| AVAILABLE DATA |
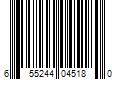 Barcode Image for UPC code 655244045180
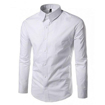 Image sur Chemise homme - 3 Pièces - ( M , L ) Bleu, Noir Et Blanc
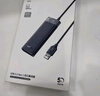 绿联 USB3.0扩展器扩展坞 高速4口分线器HUB拓展集线器 笔记本电脑一拖多接口转换器转接头延长线 实拍图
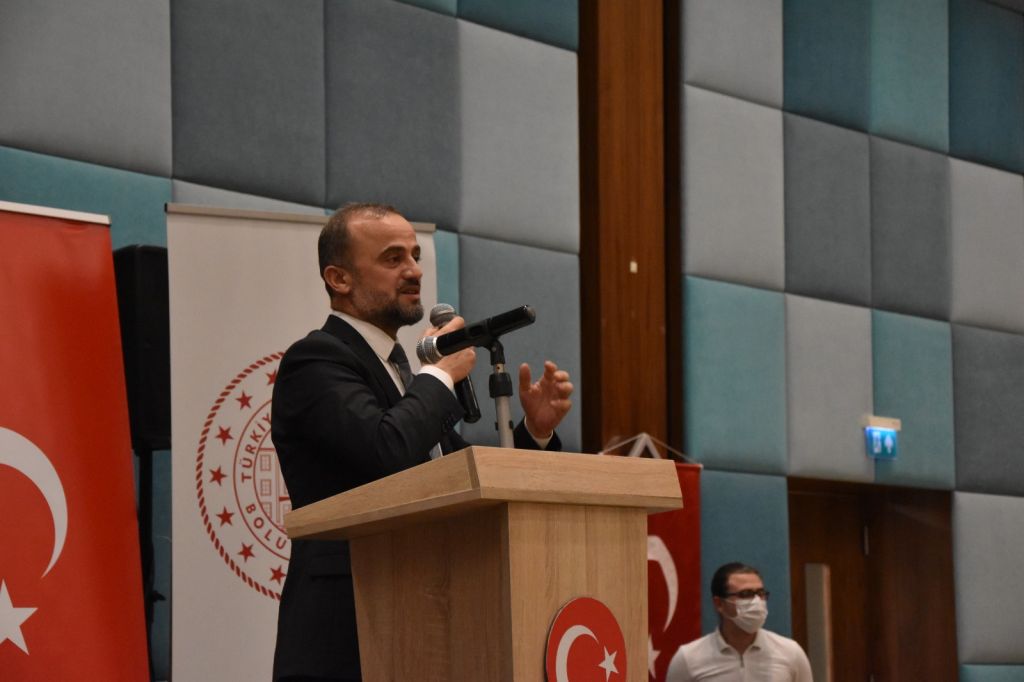 BAKAN ÖZER BOLU'DA İFTAR PROGRAMINA KATILDI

| WHAT TO PRODUCE |
Repeat the full listing above without altering a word, and skip the pictures.

| REPLY |
 Barcode Image for UPC code 655244045180
 Image sur Chemise homme - 3 Pièces - ( M , L ) Bleu, Noir Et Blanc
 绿联 USB3.0扩展器扩展坞 高速4口分线器HUB拓展集线器 笔记本电脑一拖多接口转换器转接头延长线 实拍图
 BAKAN ÖZER BOLU'DA İFTAR PROGRAMINA KATILDI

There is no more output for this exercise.